I can't imagine AMD under-cutting themselves at such low price points doing any good to their bottom line.
 

cleeve

Illustrious


Kaveri leverages the GCN architecture, and so a cut-down 7750 most definitely has the potential to portent what Kaveri will do...

 

cleeve

Illustrious


I think you might misunderstand. The temperatures are absolute, but we simply started the beginning of the chart at the ambient temp (notice it doesn't start at zero, the chart starts at 24 degree ambient).

 

cleeve

Illustrious


There is no reliable source I'm aware of that suggests Kaveri will be 512 shaders.
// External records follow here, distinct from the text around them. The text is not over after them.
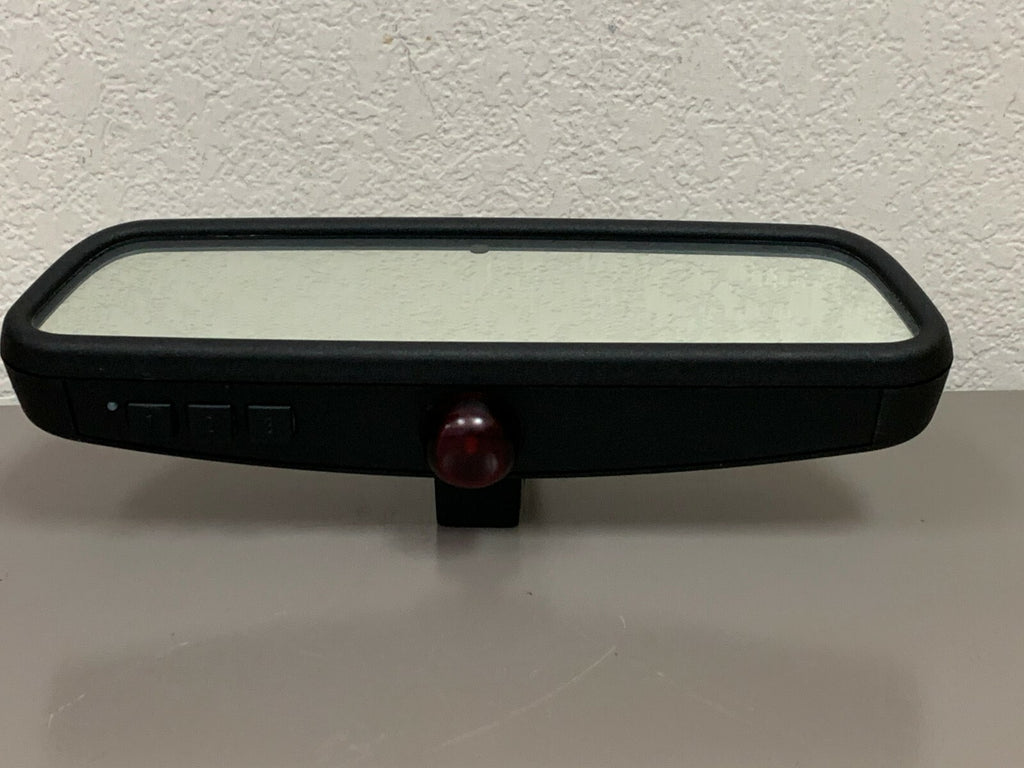 2003-2005 RANGE ROVER HSE L322 REAR VIEW MIRROR AUTO DIM GENUINE OEM W/HOMELINK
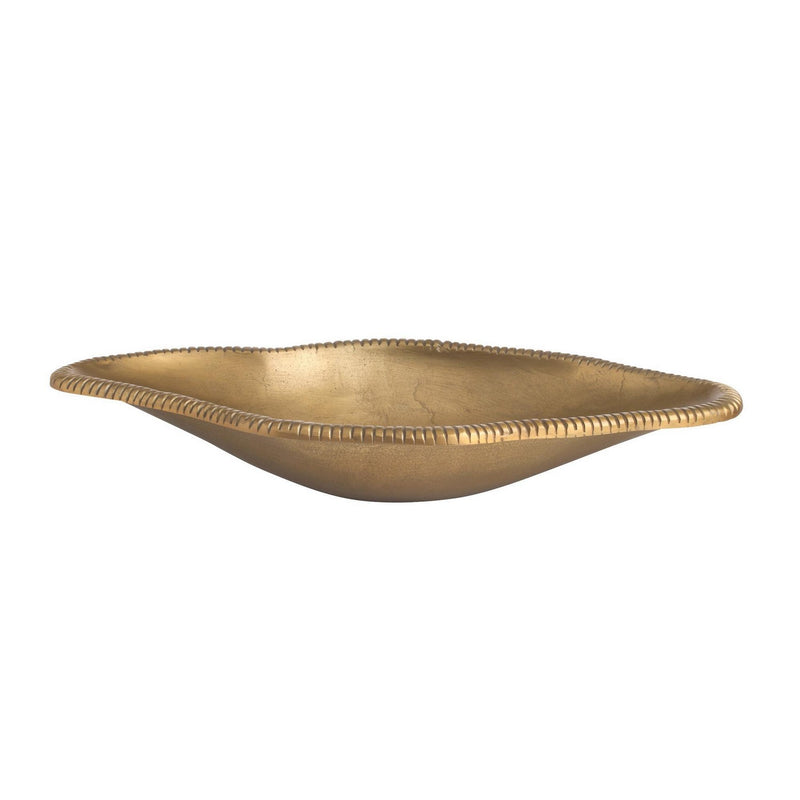 Arteriors ATI09 Centerpiece, Antique Brass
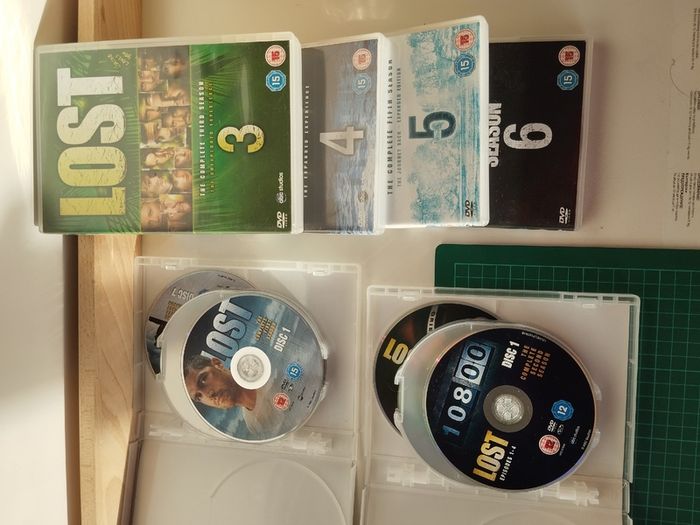 Complete Lost DVD Box Set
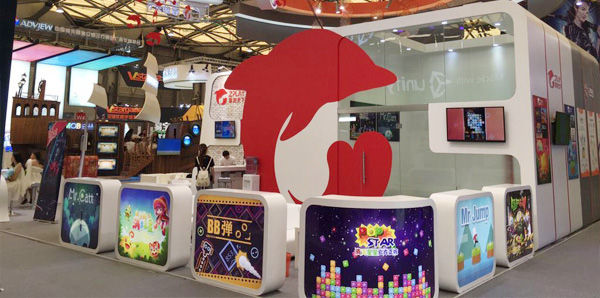 掌游天下携多款产品亮相CJBTOB展区[多图]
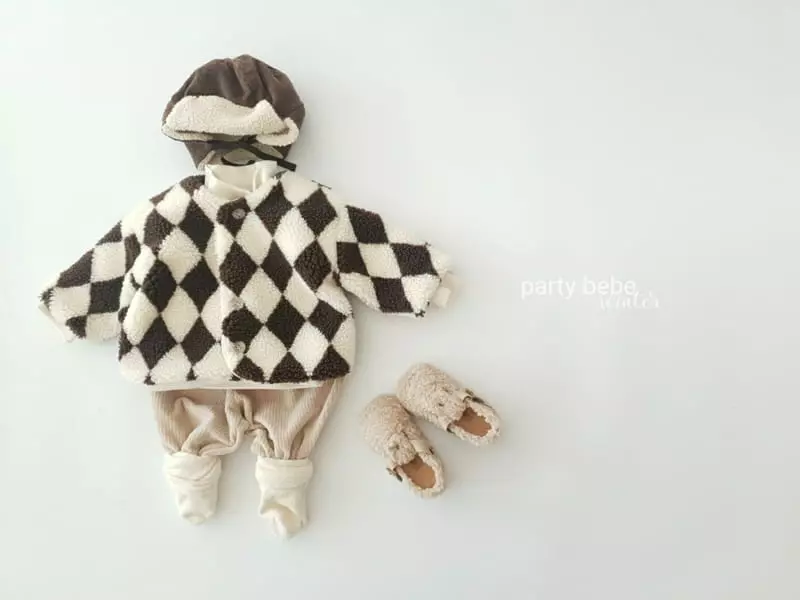 Party Kids - Korean Baby Fashion - #babyboutique - Butter Ring Jacket - 5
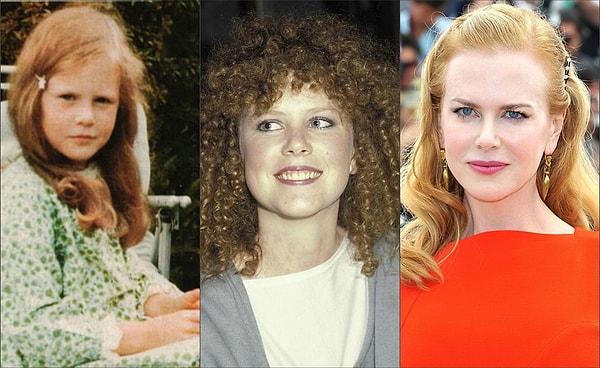 2. Nicole Kidman 10 yaşında drama okuluna giderken, 14 yaşında ise okulla beraber oyunculuğu yürütmeye başlamış.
That's speculation, and the same kind of misinformation has unsuccessfully predicted the launch of every single one of AMD's APUs so far.

 

cleeve

Illustrious


1080p is the most common gaming monitor resolution, and the GDDR5 7730 can handle it.

 

InvalidError

Titan
Moderator

Why wouldn't they get run at that resolution? There are dozens of 1080p screen models in the $100-150 range and it seems quite reasonable for the average would-be PC gamer to try their native resolution first. Without the fancy bling enabled, even old-ish GPUs can handle 1080p reasonably well without giving up that much detail.

I'm still using my old HD5770 and most of the details I disable are things like clutter and shadows that I would disable even if I had high-end graphics to remove unnecessary distractions/obstructions anyway.
 


Just noticed your avatar, pretty sweet.
 


Far be it for me to tamp down expectations, but pretty much this.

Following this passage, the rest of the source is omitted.